Ray Carlberg in the astronomy department at the University of Toronto sent in this description of what scientists know about the nature of spiral galaxies:

"The basic physics of why galaxies have spirals is known, but the details remain controversial, sometimes intensely so. Spirals exist only among flattened or 'disk' galaxies. These galaxies are differentially rotating--that is, the time to complete a full rotation increases with distance from the center. Differential rotation causes any disturbance in the disk to wind up into a spiral form. The trouble with this simple explanation is that the differential rotation would cause spiral features to wind up too quickly, so galaxies would not look like spirals for any appreciable length of time.

"The second important piece of physics for understanding spiral structure is that the stars and gas in the disk of the galaxy exert an appreciable gravitational force. That force helps maintain the spiral form against the tendency to wind up. Almost everyone agrees on this basic physics.

"So, why do disk galaxies often have spiral shapes? There is observational evidence that nearby companion galaxies or an asymmetric, bar-shaped concentration of mass can drive a spiral wave in the disk of the galaxy. Disks that lack such forcing features are the tricky ones to explain. One explanation centers on the fact that gravitational systems act to increase their central binding energy. Spiral arms remove angular momentum from the center of the galaxy, allowing it to achieve a state of higher binding energy. There are two main versions of the theory of spiraling: one in which the waves are steady and long-lived, the other in which spirals are transient features that come and go. The natural, but not very easy, test is to observe spiral galaxies for a few hundred million years and see what happens."

Debra M. Elmegreen, Maria Mitchell Professor of Astronomy at Vassar College, and Bruce G. Elmegreen, staff scientist at the IBM T.J. Watson Research Center, have extensively studied this question. Here is their response:

"Most spiral arms in galaxies are density waves, which are compression waves (like sound) that travel through the disk and cause a piling-up of stars and gas at the crest. The wave is temporarily sustained by the force of its own gravity, but it eventually wraps up or gets absorbed at orbital resonances, places where random stellar oscillations have the same period as the local wave.

"In some galaxies, a large central bulge can prevent the wave from reaching a resonance; the wave then reflects off the bulge, giving rise to a giant standing spiral wave with a uniform rotation rate and a lifetime of perhaps 5 to 10 disk rotations (roughly one to two billion years). In all cases, the stars and gas rotate around the galaxy's center faster than the wave in the inner parts of the disk, and slower than the wave in the outer parts. This differential rotation forces gas to enter the wave at a high speed in the inner regions, causing it to shock and form long, thin dust lanes in each spiral arm. Some density-wave galaxies, like M81, have highly symmetric spiral arms; others, like M101, have several arms and less overall symmetry. The difference between these two cases is related to the symmetry of the perturbation that formed the arms in the first place, and to the relative importance of the standing wave pattern, which tends to be symmetric.

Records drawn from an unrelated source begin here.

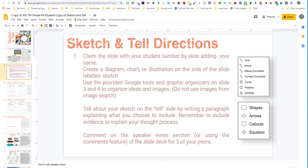Hello, everybody. Joe Marquez here once again from Sons of Technology to showcase some new features or tools that you may not know are available or exist. One of these tools that I'm going to showcase for you — you may know is already available — and that's adding audio to Google Slides.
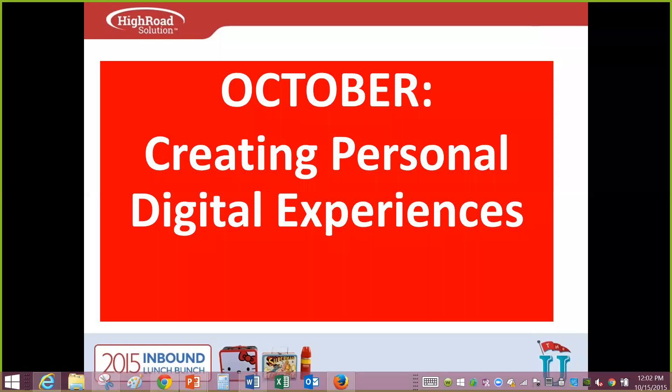Welcome to October's Inbound Lunch Bunch. Today we are talking about creating personal digital experiences. I'm Suzanne Carowin, the Chief Marketing Officer here at High Road Solution. This is a fun one today — it's jam-packed, so we're going to dive right into it.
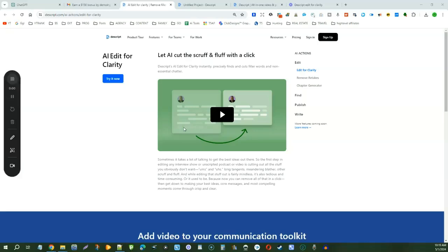This is the Descript Edit for Clarity AI Actions Review Demo Tutorial. We found another way to dive into the world of AI. Descript has AI Edit for Clarity which is going to make your job a lot simpler and your workflow a lot faster.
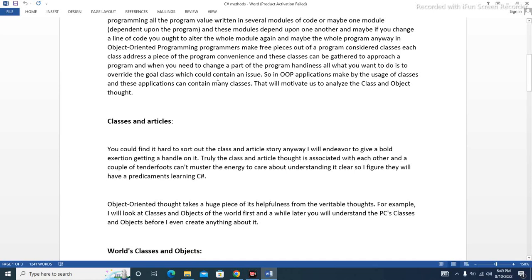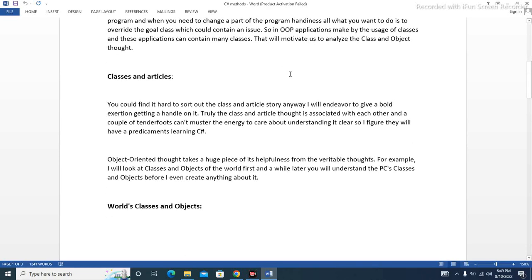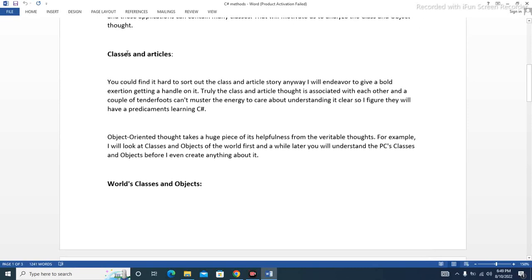The class could contain an issue. So in OOP, applications are made by the usage of classes, and these applications can contain many classes. This will motivate us to analyze the class and object thought.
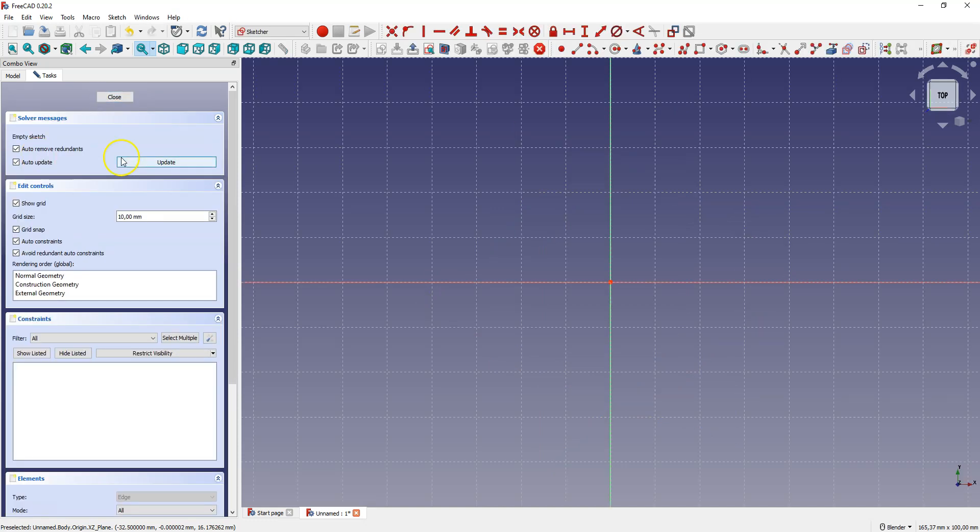Now I recommend checking these controls. These are very useful features. Now you can create a 2D sketch that will be used to make a 3D model.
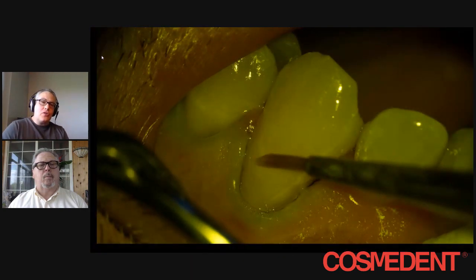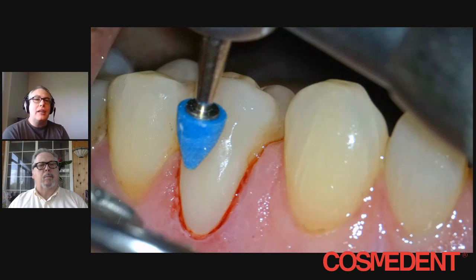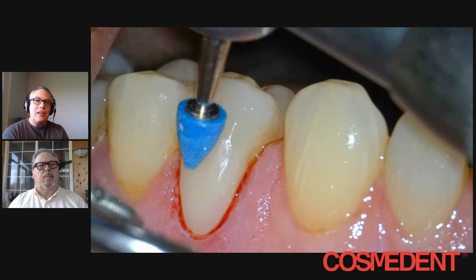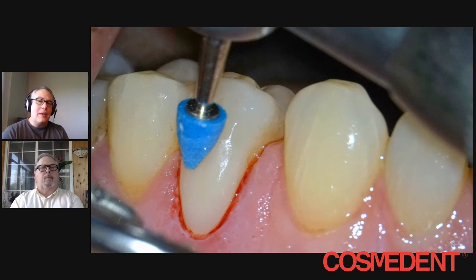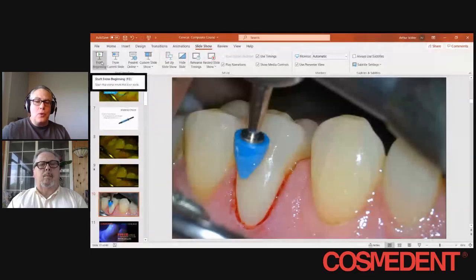Place it over and make sure that you've sufficiently opaqued it. Then what I want to talk about in part two is, once you've placed your composite and cured everything, what is the best way we can use the fantastic properties of a microfill composite to best get the outcome that we want?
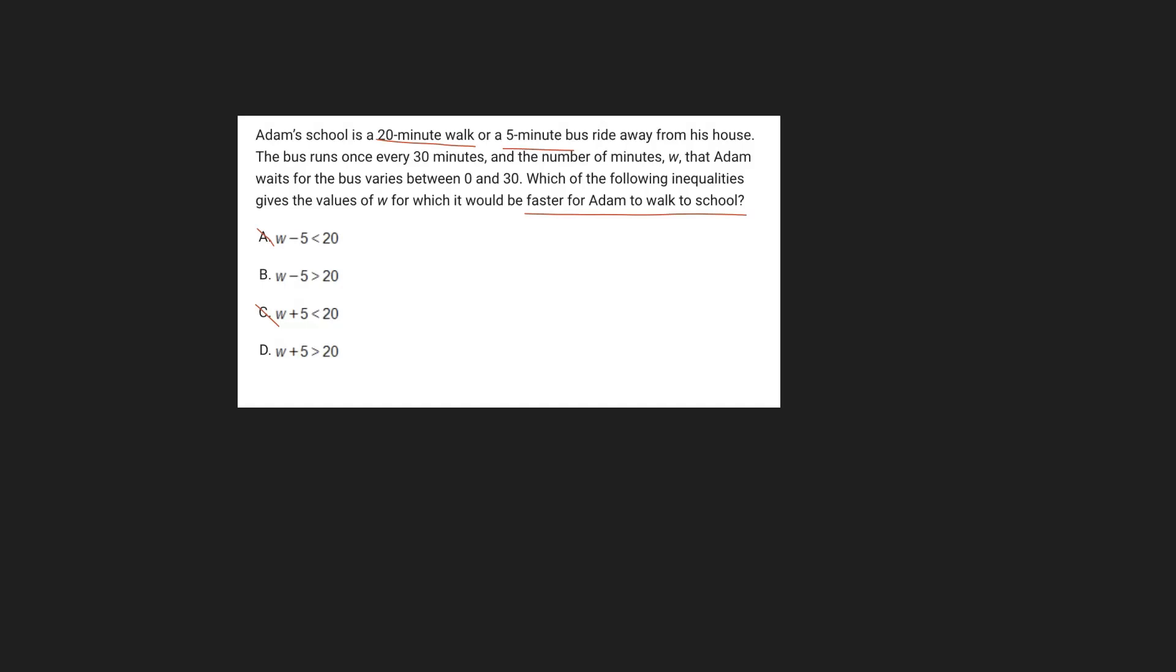Well, the thing with B is it shows W minus 5. In reality, this doesn't really make any sense because that 5-minute bus ride is included in the waiting time. So the waiting time here is W, the amount of time that Adam has to wait for the bus.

"Density waves have many possible origins. A large central bar, such as is seen in NGC 1300, may drive a two-arm density wave for a relatively long time, eventually causing the gas in the outer disk to move outward and wrap into a giant ring at the edge of the galaxy's disk. A companion galaxy can also generate a two-arm spiral by tidal forces. Such tidal arms probably last only for several rotations before they either wrap up and disappear or initiate a longer-lived standing wave. The Whirlpool galaxy, M51, has companion-triggered spirals. Galaxies that appear in visible light to have neither bars nor companions can still have spiral waves. These galaxies may have hidden weak bars or small companions that trigger the spirals, or they may be excited entirely by small asymmetries and perturbations within their disks.

"Some galaxies have no long spiral arms at all, but only numerous, short and non-symmetric arms, as in the Sculptor group galaxy NGC 7793. These arms are probably not density waves at all, but are short-lived star-forming regions that are sheared into spiral-like pieces by differential rotation of the galaxy. Such star-formation features last only as long as the bright, high-mass stars that dominate their light--about a hundred million years, less than a single rotation period of the galaxy. They apparently form when the disk is too stable to sustain a wave, or when there are no perturbations that could drive the formation of spiral arms."

Jerry Sellwood, who studies stellar group dynamics at Rutgers University, provided a helpful, broad overview of this area of research:

"The first part of your question was posed in 1850 by the Irish astronomer Lord Rosse after seeing the strikingly beautiful spiral pattern in Messier 51. While astronomers now generally agree that the spiral patterns in the majority of bright galaxies are density waves, experts still differ on how the arms are formed.

"A density wave is shorthand to describe the way stars in a galaxy are packed a little more closely together in the arms and spread more thinly in between the arms. The density variations travel round the galaxy, much like a sound wave through the air; therefore a spiral arm is not a simply a concentration of co-orbiting stars and gas.

"The problem of the origin of density waves is difficult because the billions of stars in a galaxy all exert gravitational forces on each other. Just as we can understand pressure in a gas without having to calculate the motions of individual molecules, we can treat a galaxy as a massive 'stellar fluid,' but the real difficulty stems from the long-range nature of the gravitational force. Computer simulations develop spirals spontaneously, confirming that gravitational dynamics is the important physical process, but it is hard to understand how this process works even inside the computer.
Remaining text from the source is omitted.